Bennet's Research Summary
The theme of my research is applying cryptography to operating
system security and exploring the practical limitations of these
techniques. In the Strongbox project, I examined how security
assumptions about the underlying operating system may be minimized by
judicious use of cryptography. In the Dyad project, I examined how
standard cryptology assumptions -- the ability to compute securely
with the cryptographic keys -- may be grounded in distributed systems
by using a secure coprocessor, and I examined how the use of physical
security, in conjunction with cryptography, can enhance the security
of distributed applications and make them practical. In the Sanctuary
project, I addressed the problem of secure remote execution, using a
combination of physical security, cryptography, and trust management
to allow users of a mobile agent system to remotely run their agent
code securely.
The Strongbox Project
In the Strongbox project, I examined how to build a secure distributed
operating environment while making minimal assumptions about the
security of the underlying Mach operating system. In Strongbox,
filesystem contents as well as network communications were assumed to
be subject to attack, so the underlying operating system provided
neither filesystem access controls nor communications security.

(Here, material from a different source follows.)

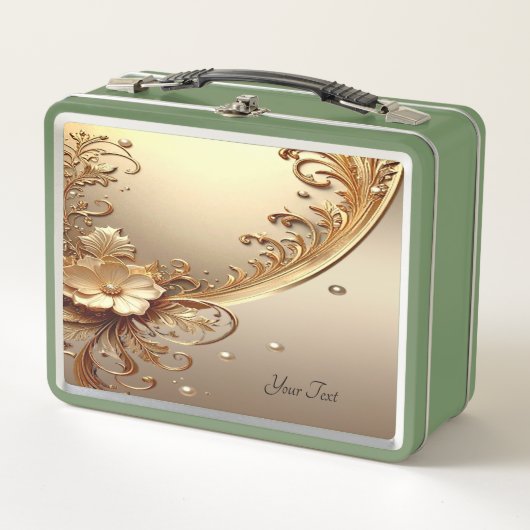 Goldene verzierte Blumen Lunchbox (Vorderseite)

(Perhaps the disk could be temporarily removed, placed inside another
computer, and modified, bypassing normal access controls.) In
Strongbox, the only security assumptions made are that (1) processes
can compute in private without interference from unrelated processes,
which permitted processes to perform computations using cryptographic
keys; (2) that the basic Mach process control and virtual memory
manipulation mechanisms for manipulating child processes are correct;
and (3) that cryptographic intractibility assumptions (breaking DES is
hard; the quadratic residuosity decision problem is difficult) hold.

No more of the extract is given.